As some of you know, I've been tracking my book's Amazon.com sales rank recently, and comparing it to other books. I stopped doing this because the Amazon rank started spitting back a lot of duplicates, strange data, and stopped giving me easy access to the ranks of books near mine.
Based on comments by other bloggers, I learned that the Amazon rank is pretty unreliable unless you take constant measurements. It's a very fuzzy number: it does not tell you how many total books were sold, only the number of books sold during a specific time period, relative to other books.
This means that new books that sell 100 copies once will be ranked higher than older books that sell 50 copies every day. Plus, one single day without a sale will make your rank plummet. Very frustrating.

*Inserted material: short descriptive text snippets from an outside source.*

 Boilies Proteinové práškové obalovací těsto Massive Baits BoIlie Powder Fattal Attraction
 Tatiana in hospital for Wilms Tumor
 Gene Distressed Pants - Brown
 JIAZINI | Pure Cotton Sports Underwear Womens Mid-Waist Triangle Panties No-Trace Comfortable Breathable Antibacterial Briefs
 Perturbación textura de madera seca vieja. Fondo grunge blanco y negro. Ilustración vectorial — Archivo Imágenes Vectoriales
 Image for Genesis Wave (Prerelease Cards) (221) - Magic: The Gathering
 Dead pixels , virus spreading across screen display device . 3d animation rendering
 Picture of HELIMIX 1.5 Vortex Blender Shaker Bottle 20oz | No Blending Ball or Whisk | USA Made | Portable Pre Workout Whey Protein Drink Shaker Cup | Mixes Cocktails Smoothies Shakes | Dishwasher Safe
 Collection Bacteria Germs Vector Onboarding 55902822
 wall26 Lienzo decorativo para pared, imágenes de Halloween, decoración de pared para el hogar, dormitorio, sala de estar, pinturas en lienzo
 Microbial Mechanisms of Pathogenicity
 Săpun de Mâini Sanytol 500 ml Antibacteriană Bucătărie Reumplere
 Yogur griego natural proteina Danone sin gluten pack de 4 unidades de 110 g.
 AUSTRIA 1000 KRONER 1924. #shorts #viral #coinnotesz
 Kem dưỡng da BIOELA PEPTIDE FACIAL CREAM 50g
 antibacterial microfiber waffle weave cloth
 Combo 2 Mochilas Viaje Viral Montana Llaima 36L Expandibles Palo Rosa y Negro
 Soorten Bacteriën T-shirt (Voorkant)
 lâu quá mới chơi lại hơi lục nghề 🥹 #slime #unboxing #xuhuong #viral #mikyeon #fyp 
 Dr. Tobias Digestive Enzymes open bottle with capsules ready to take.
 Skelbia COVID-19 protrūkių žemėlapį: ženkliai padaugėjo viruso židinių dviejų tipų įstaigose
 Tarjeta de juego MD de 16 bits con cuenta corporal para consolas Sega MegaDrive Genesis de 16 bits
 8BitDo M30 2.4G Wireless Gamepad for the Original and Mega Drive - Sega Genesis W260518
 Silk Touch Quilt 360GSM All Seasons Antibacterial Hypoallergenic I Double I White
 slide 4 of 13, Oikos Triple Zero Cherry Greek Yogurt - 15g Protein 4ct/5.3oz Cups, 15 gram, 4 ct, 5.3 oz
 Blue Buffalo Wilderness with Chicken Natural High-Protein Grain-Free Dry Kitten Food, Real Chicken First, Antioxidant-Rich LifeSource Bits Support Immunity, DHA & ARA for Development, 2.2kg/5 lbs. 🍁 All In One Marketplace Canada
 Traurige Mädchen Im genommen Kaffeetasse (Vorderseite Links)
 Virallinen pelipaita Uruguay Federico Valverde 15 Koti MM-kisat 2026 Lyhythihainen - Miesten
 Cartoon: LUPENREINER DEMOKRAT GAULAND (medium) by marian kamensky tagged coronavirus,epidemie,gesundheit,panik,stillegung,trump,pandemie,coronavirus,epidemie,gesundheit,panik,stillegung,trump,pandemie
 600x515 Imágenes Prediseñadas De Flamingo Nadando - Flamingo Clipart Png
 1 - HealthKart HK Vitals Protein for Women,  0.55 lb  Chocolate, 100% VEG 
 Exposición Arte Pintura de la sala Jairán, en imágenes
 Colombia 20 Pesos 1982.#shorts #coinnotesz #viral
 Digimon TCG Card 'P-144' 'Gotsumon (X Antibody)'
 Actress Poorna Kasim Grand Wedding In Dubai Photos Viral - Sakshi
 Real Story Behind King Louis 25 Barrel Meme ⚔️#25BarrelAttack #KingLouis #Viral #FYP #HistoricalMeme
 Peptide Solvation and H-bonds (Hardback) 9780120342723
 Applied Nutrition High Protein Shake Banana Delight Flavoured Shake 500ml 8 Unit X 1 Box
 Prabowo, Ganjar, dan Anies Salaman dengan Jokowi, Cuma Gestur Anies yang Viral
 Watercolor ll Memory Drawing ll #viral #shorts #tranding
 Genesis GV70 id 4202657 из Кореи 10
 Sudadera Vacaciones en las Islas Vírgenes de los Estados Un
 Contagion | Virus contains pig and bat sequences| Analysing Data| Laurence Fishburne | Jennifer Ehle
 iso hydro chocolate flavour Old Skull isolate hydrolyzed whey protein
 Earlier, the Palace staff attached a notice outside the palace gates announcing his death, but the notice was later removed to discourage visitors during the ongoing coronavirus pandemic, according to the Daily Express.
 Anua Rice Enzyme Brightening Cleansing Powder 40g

Anyway, to get some decent statistics I had to take matters into my own hands. I wrote a quick Python script to screen-scrape Amazon.com, extract my rank, and output it to a spreadsheet file. Nothin fancy, I just wanted a quick dump... Why Python? Because Java would require 10 times as much code, plus about 30 support JAR files from Apache Commons.
I scheduled it with cron to run every hour... so eventually I'll be able to determine a nice moving average of my sales rank. Ideally, these values should be inserted into my database... but I just don't think I'll be doing any advanced analysis beyond what's already in Excel... plus I have a good backup plan... so I took the lazy route.
Once I get a decent amount of data, I'll do something fun with it. I promise.